The North Carolina data confirms what many suspected: Voter ID laws have a disparate impact on non-white and Democratic voters. According to the North Carolina Secretary of State, 46 percent of unmatched voters in the 2012 general election were non-white, compared to 30 percent of all registered voters. Similarly, 36 percent were black, compared to 23 percent of registered voters. And 58 percent of voters without a state-issued ID were Democrats, compared to 43 percent of all registered voters.
But despite a disproportionate impact on Democratic-leaning groups, the electoral consequences of voter ID seem relatively marginal. After expanding their matching criteria, the number of North Carolina registered voters without a state-issued photo ID dropped from 612,955 to 318,643. And of those unmatched registered voters, just 138,425 participated in the 2012 general election. That confirms that voters without photo identification are far less likely to vote than their peers: 72 percent of registered voters with a state issued photo ID participated in the 2012 general election, compared to just 42 percent of voters who couldn’t be matched with a license or other form of identification. Of those unmatched registered voters who didn’t participate in 2012, fully 63 percent hadn’t participated in any of the last five general elections.
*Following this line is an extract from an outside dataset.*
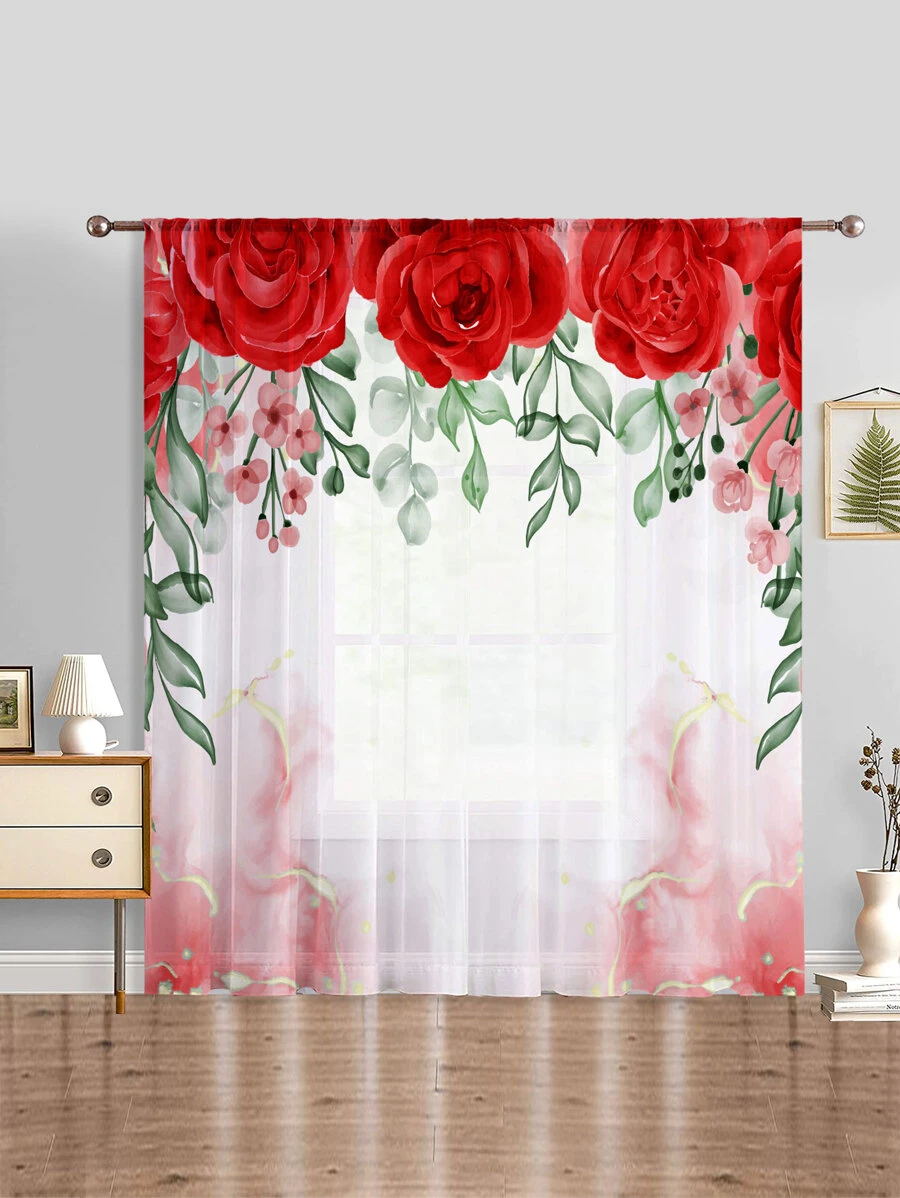 1pc Rose Pattern Rod Pocket Sheer Curtain With Light Luxury Style For Living Room, Bedroom, Balcony - Multicolor - View 1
By plugging in the exit poll numbers for race and party identification—which isn’t quite the same as party registration—we can estimate that Obama would have won approximately 60 percent of unmatched voters, by a margin of about 25,000 to 30,000 votes.
As a result, Obama’s share of the vote in North Carolina might have dropped from 48.3 to 48 percent, expanding Romney’s margin of victory from 92,000 to about 120,000 votes. 25,000 to 30,000 votes could flip a very close election, but nothing more. In 2012, no state was so close.
A few caveats. The Secretary of State analysis attempted to match voter registration with state-issued photo identification, but a number of alternative forms of identification—ranging from passports to student IDs—may be acceptable, depending on the law. Some unknown number of voters would probably acquire a valid form of identification to allow them to vote.
Additionally, the results in North Carolina may not be representative of other states. For instance, North Carolina has large black and student populations that might make the state something of a “worst case” scenario for Democrats. On the other hand, North Carolina isn’t full of huge cities like Philadelphia or New York, where urban, Democratic voters are unusually dependent on public transportation and less likely to own a car.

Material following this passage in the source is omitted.